User:Pfctdayelise/file age/code

From Wikimedia Commons, the free media repository
Jump to navigation Jump to search

to get this data:

  • use the API and copy by hand all the entries to the upload file for a particular day. (You can only get 500 results at a time so you have to adjust the "lestart" property by hand, or write a script to do it. Since it's only half a dozen times it is not too onerous to do it by hand.)
  • use python to prettify API results.
  • use python + urllib + mw api to get deletion log results for these files. use python timedelta to calculate age of deleted file.
  • use a python dictionary (or a number of other methods...) to calculate the total number of images deleted after a particular number of days.
  • insert standard disclaimer: one day's worth of data may or may not reflect reality. beware of outliers. etc.

prettify[edit]

import re
filename = re.compile('title="([^"]*)"')
timestamp = re.compile('timestamp="(?P<year>[0-9]*)-(?P<month>[0-9][0-9])-(?P<day>[0-9][0-9])T(?P<hh>[0-9][0-9]):(?P<mm>[0-9][0-9]):(?P<ss>[0-9][0-9])Z"')
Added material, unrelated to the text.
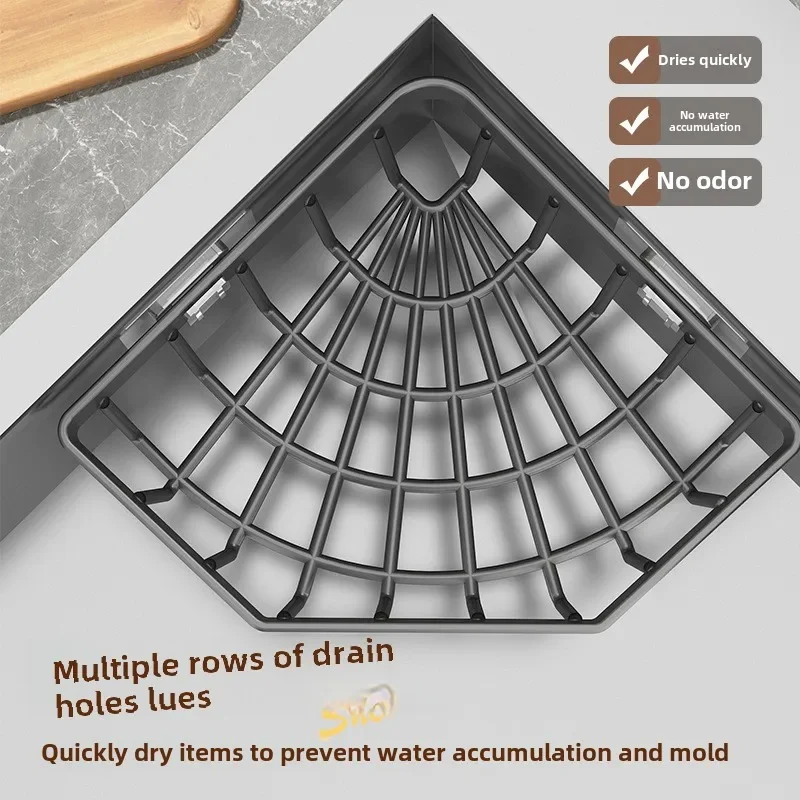 Kitchen Storage Drain Basket Sink Holder Adjustable Soap Sponge Shelf Wall Mounted Drain Basket Plastic Home Kitchen Accessories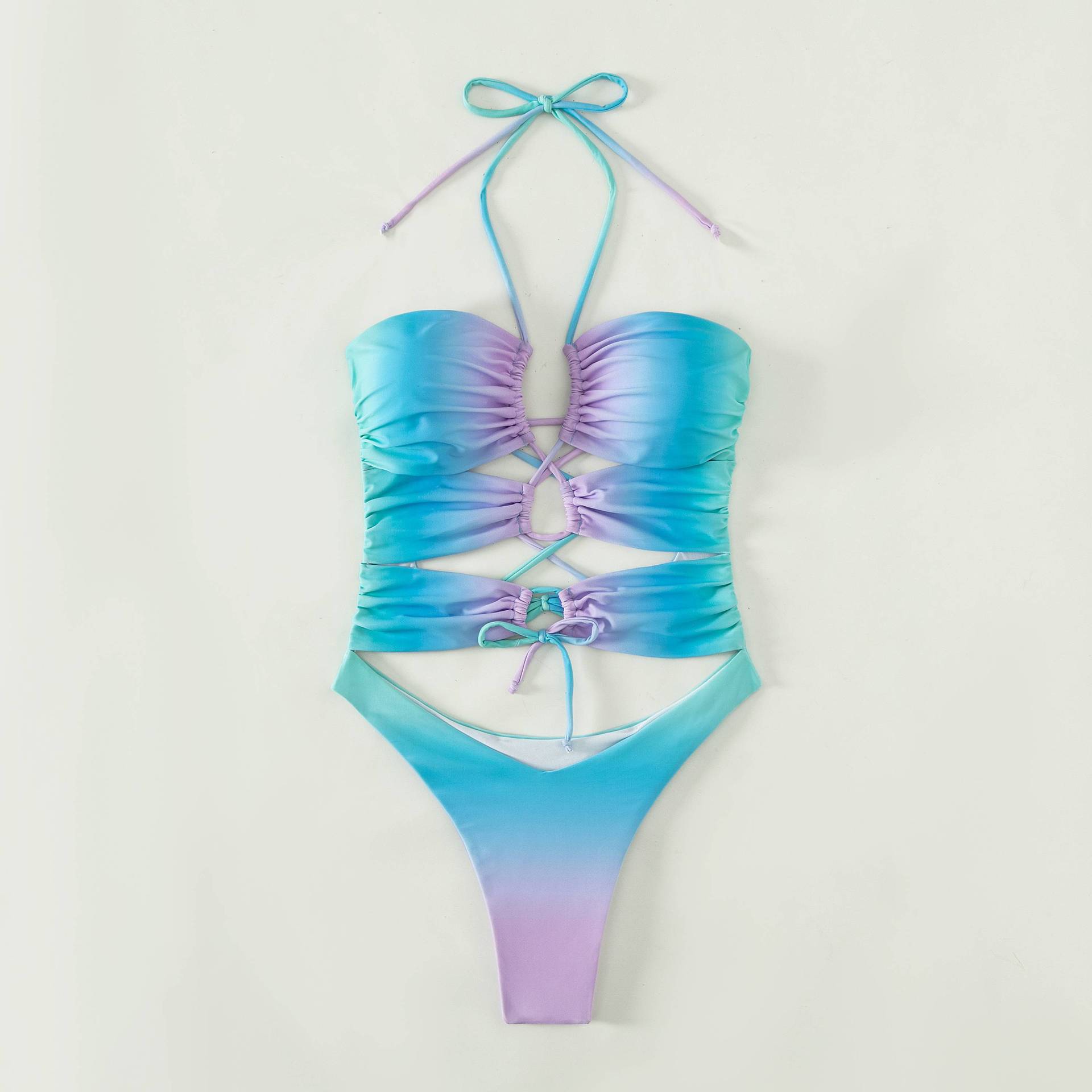 Traje de baño de una pieza bikini nuevo color degradado para mujer_voghion.com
fi = "uploads-2006-08-01.txt"

f = open(fi,'r')
files = f.readlines()
f.close()


images = []

for im in files:
    image = filename.search(im)
    times = timestamp.search(im)

#    realtimes = [times.group(t) for t in ["year","month","day","hh","mm","ss"]]

    newim = (image.group(1), times.groups())
    images.append(newim)

#print times.groups()

g = open("list-uploads-2006-08-01.txt",'w')
for im in images:
    g.write(im[0])
    g.write('\t')
    g.write(' '.join(im[1]))
    g.write('\n')

g.close()
print "done"

deletion log[edit]

import re
import urllib
from datetime import date
api = r"http://commons.wikimedia.org/w/api.php?action=query&format=xml&list=logevents&letype=delete&leprop=title|user|comment|timestamp&letitle="

user = re.compile('user="([^"]*)"')
comment = re.compile('comment="([^"]*)"')
timestamp = re.compile('timestamp="(?P<year>[0-9]*)-(?P<month>[0-9][0-9])-(?P<day>[0-9][0-9])T(?P<hh>[0-9][0-9]):(?P<mm>[0-9][0-9]):(?P<ss>[0-9][0-9])Z"')
item = re.compile(r'<item ns="6" .*?/>')

f = open("list-uploads-2006-08-01.txt",'r')
fs = f.readlines()
f.close()

filenames = [l.split('\t')[0] for l in fs]
uploaddates = [[int(i) for i in l.split('\t')[1].strip().split(' ')] for l in fs]

notdeleted = 0

g = open('list-deletions-from-2006-08-01.txt','w')

for (i, fn) in enumerate(filenames):
    if i%50==0:
        print i
    add = api + fn.replace(" ","_")
    u = urllib.urlopen(add)
#    print add
    logs = u.read()
    if '<item ns="6"' not in logs:
        # not deleted yet
        notdeleted += 1
    else:
        # just take first deletion, even if was deleted multiple times
        entry = item.findall(logs)[0]
        deleter = user.findall(entry)[0]
        delcomment = comment.findall(entry)[0]
        deltimestamp = timestamp.search(entry)

        update = date(uploaddates[i][0],uploaddates[i][1],uploaddates[i][2])
        deldate = date(int(deltimestamp.group('year')),
                       int(deltimestamp.group('month')),
                       int(deltimestamp.group('day')))

        life = (deldate-update).days

        
        g.write(fn)
        g.write('\t')
        g.write(str(life))
        g.write('\n')

        
g.close()

print "not deleted:",notdeleted
print "total:",len(filenames)